A: It’s much more textured and polished; a more realized vision. I want people to listen or experience KLOZAPIN as an escape from what their normal reality is. Influence-wise, we try to do our own thing, but I’d be lying if I didn’t say I was obsessed with Sterolab and Italian composers from the sixties and seventies. Guys like Piero Piccioni and Gianni Ferrio. Piero Umiliani, too. So, the new sound is almost like lounge, cinematic dreamscapes meet the future of psychedelic pop, in my eyes anyway.

 

Q: Can you tell me about your album art and music videos? What kind of visual imagery do you gravitate toward? Do you make your own music videos?

A: I think all of the art of Kloz is reflective of the music. It’s cryptic and mysterious, maybe a bit supernatural or out of body, like looking back at your past, or past selves, old friends and family. I’ve made the couple videos we have online but to be honest, I’m pretty ‘whatever’ about them. I’d like to be able to have a budget to make something fully realized, but until that point I want work with other artists and collaborate on videos. We shall see.

 

Q: What’s your writing process like? Do you write the songs on your own or is it a collaborative process?

A: I usually come in with demos or the skeleton of the songs, meaning the guitar part and the vocals and general structure. But things always change once we interpret the song live. I never tell Paul what to play on bass or anything like that. I like the idea of not knowing everything that will be.  

 

Q: If you could tour with anyone, who would you want to tour with?

A: Drake.

 

Q: What do you use to distort your voice? Why did you decide to do that?

A: Just an effect machine. Sometimes, I’ll use an effect that doubles up what I’m singing, but at an octave above. Maybe I’ll grow out of it, but right now I still really enjoy f*cking with the idea of the illusion of it all.

 

Q: Do you have any anxiety about being on stage and singing in front of strangers? If so, how do you deal with that?

A: I did at first but I don’t really think about it anymore. I’m usually in a kind of meditative trance state when I play. Paul is the real stage personality, which I love. I wish I could be playing on stage and watching him dance around at the same time.

 

Q: Can you try to describe the atmosphere at your shows? Has that changed dramatically since the Oneonta shows?

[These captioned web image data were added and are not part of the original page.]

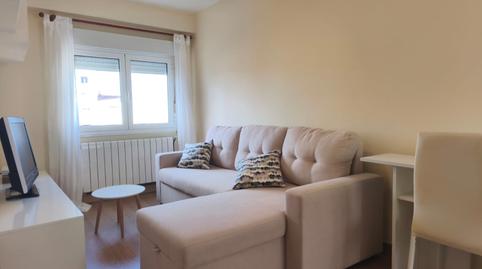 Foto 2 de Pis de lloguer a Gijón - Cl Donato Arguelles, Barrio del Centro, Gijón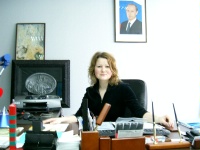 Красильникова Дарья Владимировна Красильникова Дарья Владимировна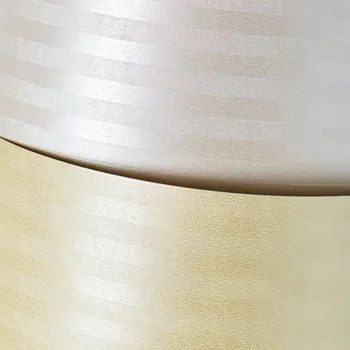 Barevný papír Ozdobný papír A4 Galeria Papieru 220 g/m2, 20 listů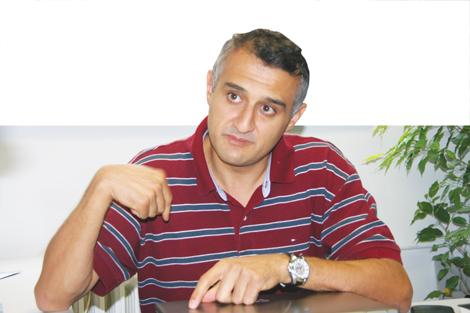 Önce eleştirildi, sonra anlaşıldı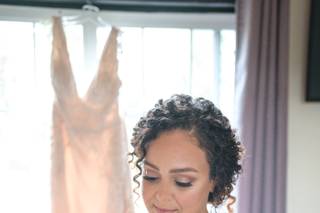 The Hair Concierge - 49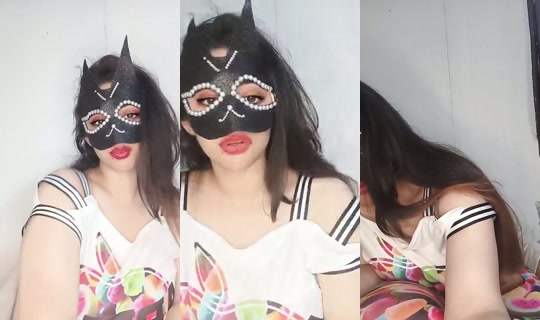 1107787566's Live Session — Jul 6, 2026, 12:31 AM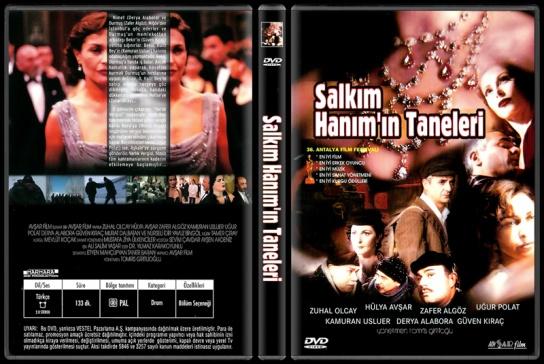 Salkm Hanmn Taneleri - Scan Dvd Cover - Trke [1999]-salkim-hanimin-taneleri-scan-dvd-cover-turkce-1999jpg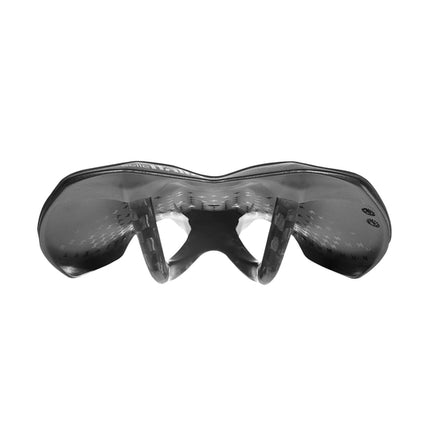 Zadel Selle Italia SLR Carbon L1 Zwart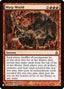 Warp World [The List]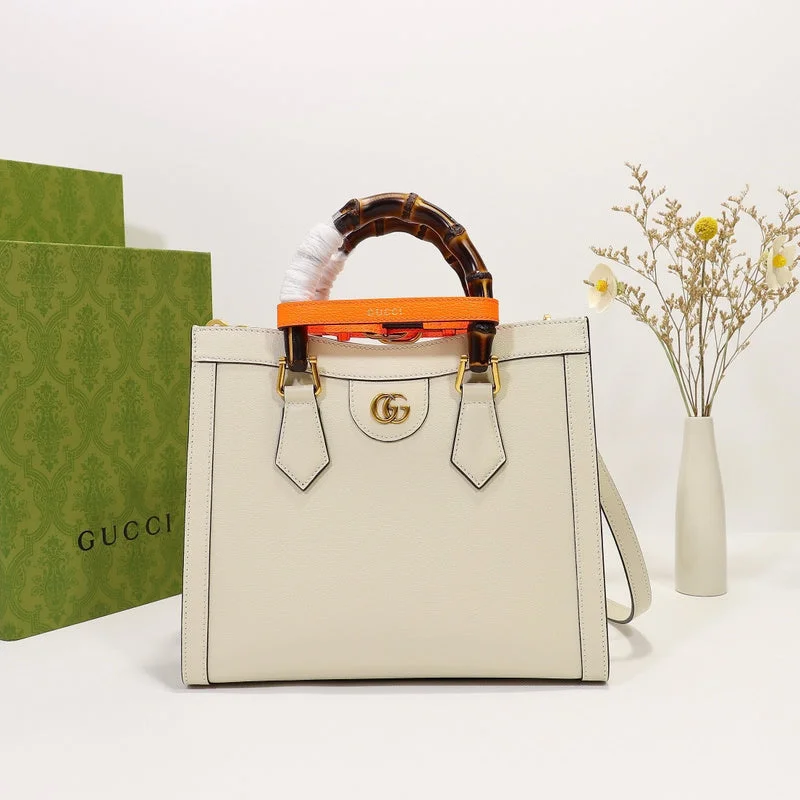 Women Gucci Sylvie bags featuring the signature web stripeBC - GUCCI BAG - 022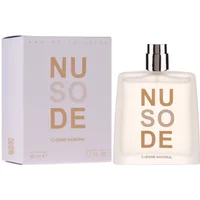 Costume National So Nude - Edt 100 ml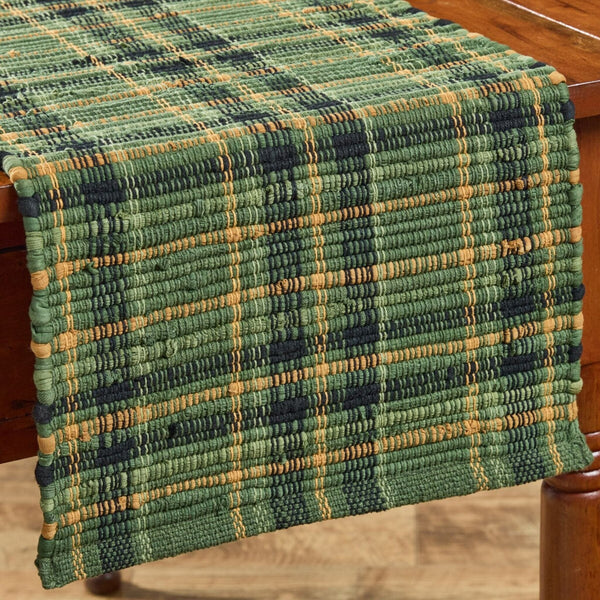 Willow-Lane-Chindi-Table- Willow-Lane-Chindi-Table-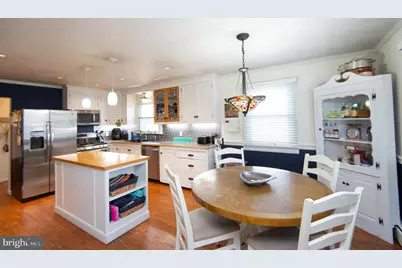 4909 Ravenwood Road, Vienna, MD 21869 - Photo 6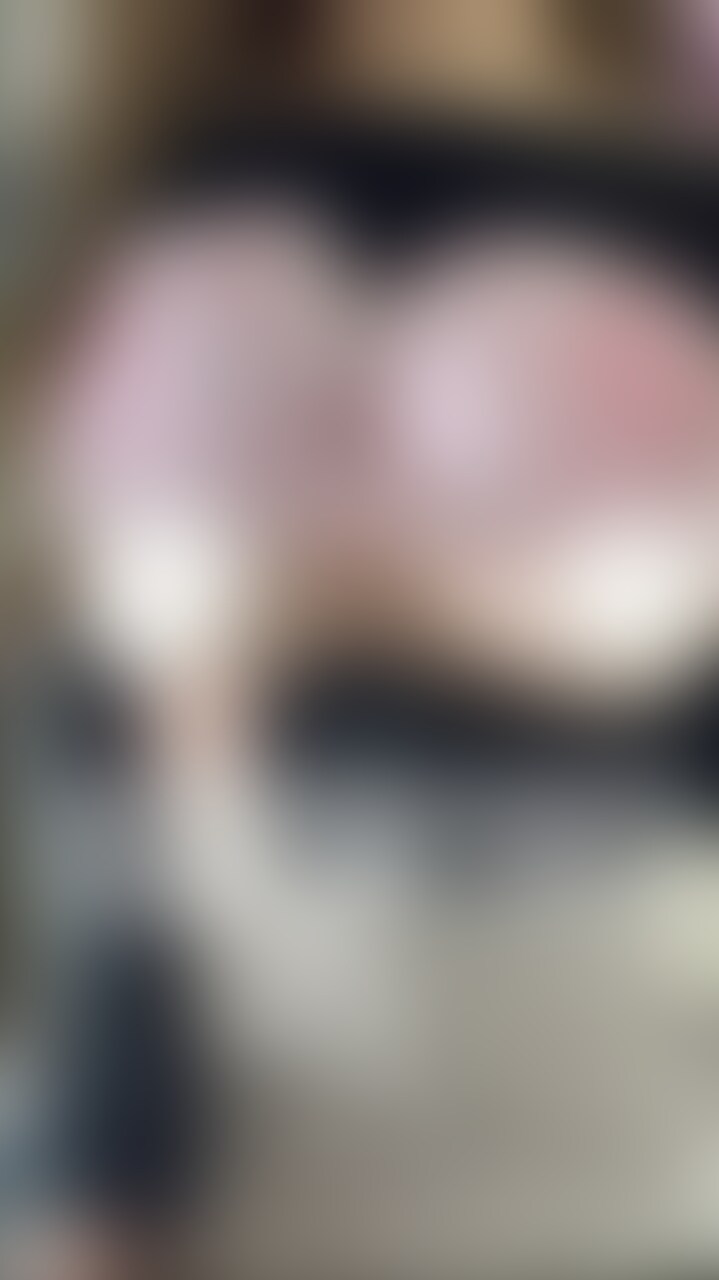 ブラを脱ぎながら紹介したり付けるところみせたりおっぱいモミモミしたり💗
の動画ですっ✨✨💗
サルートのブラを2種類つけて紹介するシーンもあります✨💗
おっぱいの話や乳首に触れてムラムラしてるみるくも見れちゃう🥺💗
最後まで見てくれた人にはいい子には動画の最後におまけの動画も入れてるよっ♡
どうしても動画撮ってたらムラムラしちゃう〜😂💗 (2/2)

A: The atmosphere now is much more of a full experience. We use visual projections when we can. It allows us to distort that line between band and audience. I want people to not feel like they have to watch me playing an instrument. KLOZAPIN is four guys creating the illusion of something outside of  just four guys playing instruments in a room.

 

Q: Do you write when you’re struck by inspiration or does it feel more like work?

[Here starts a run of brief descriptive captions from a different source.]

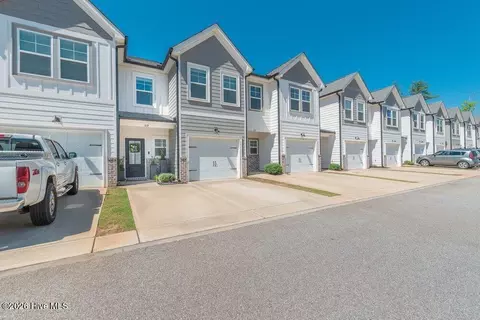 Exterior - 319 Sumac Trl, Evans, GA 30809 photo 2 of 5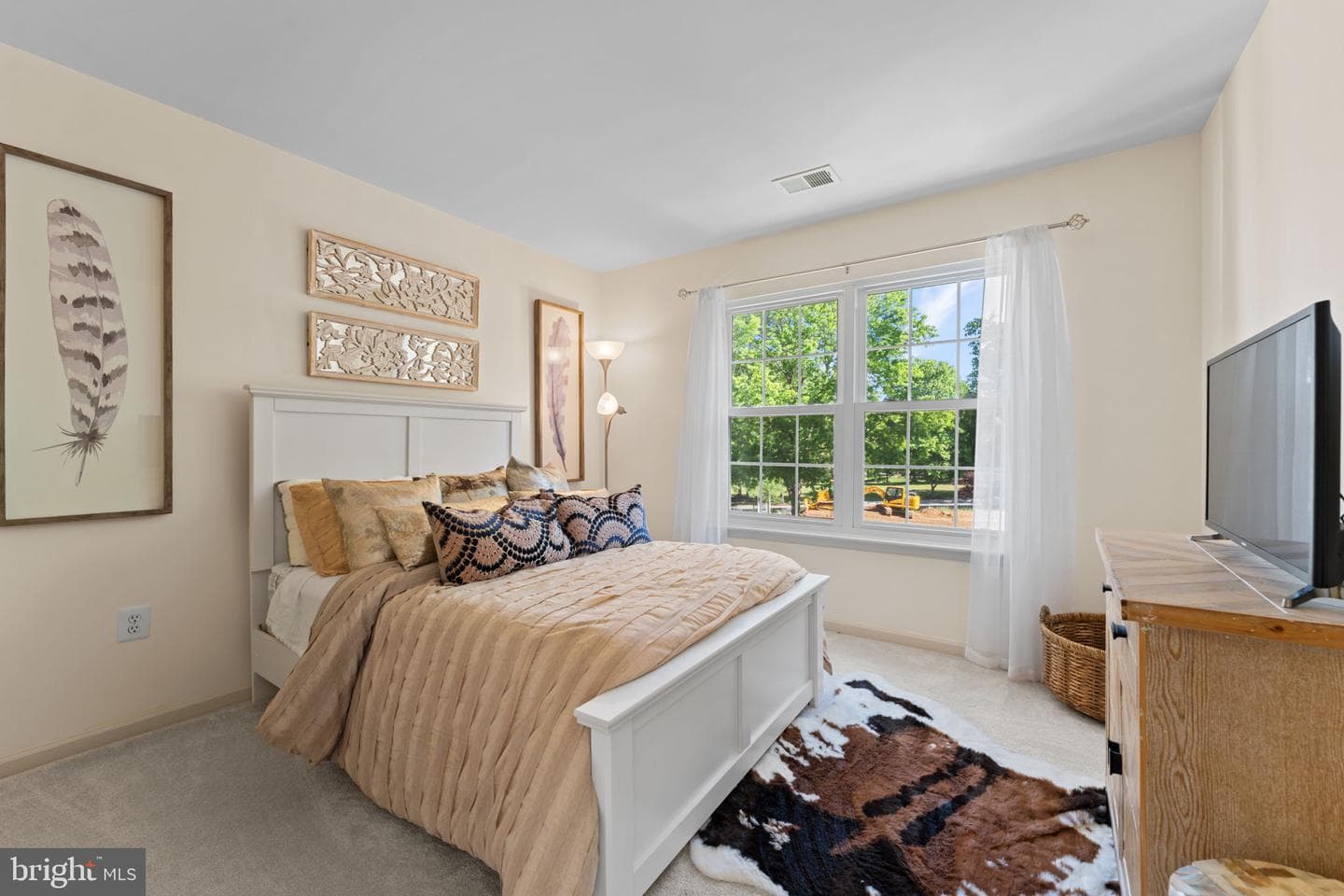 16209 Presidio Way photo 25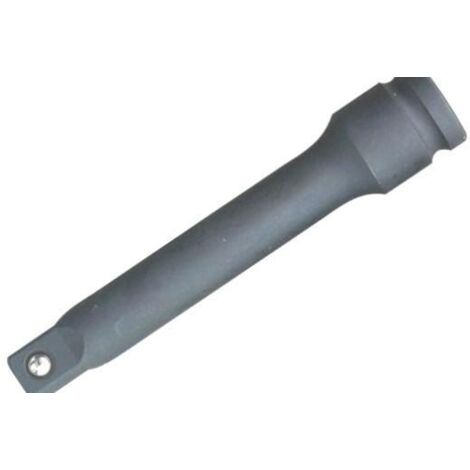 Honiton przedłużka udarowa 1/2" 250mm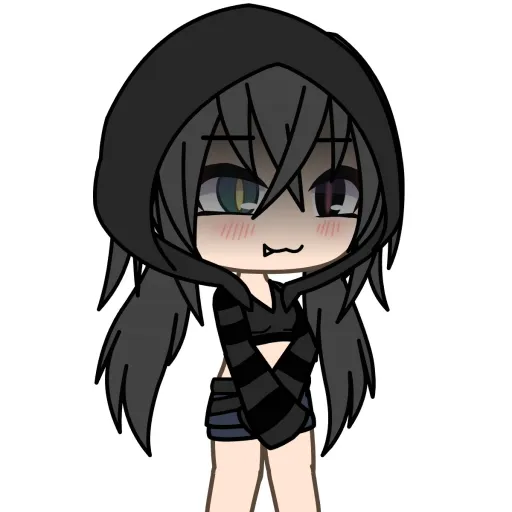 creator ~||orange||~'s avatar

A: It never feels like work. It’s more like…  I’ll go through a week of intense inspiration and get everything I can down, and then I’ll move onto something other than music for a bit. I have a bad habit of being a scatterbrain.

 

Q: What are you working on this year?

A: Right now we’re close to putting out a new single, and then working on the rest of the album.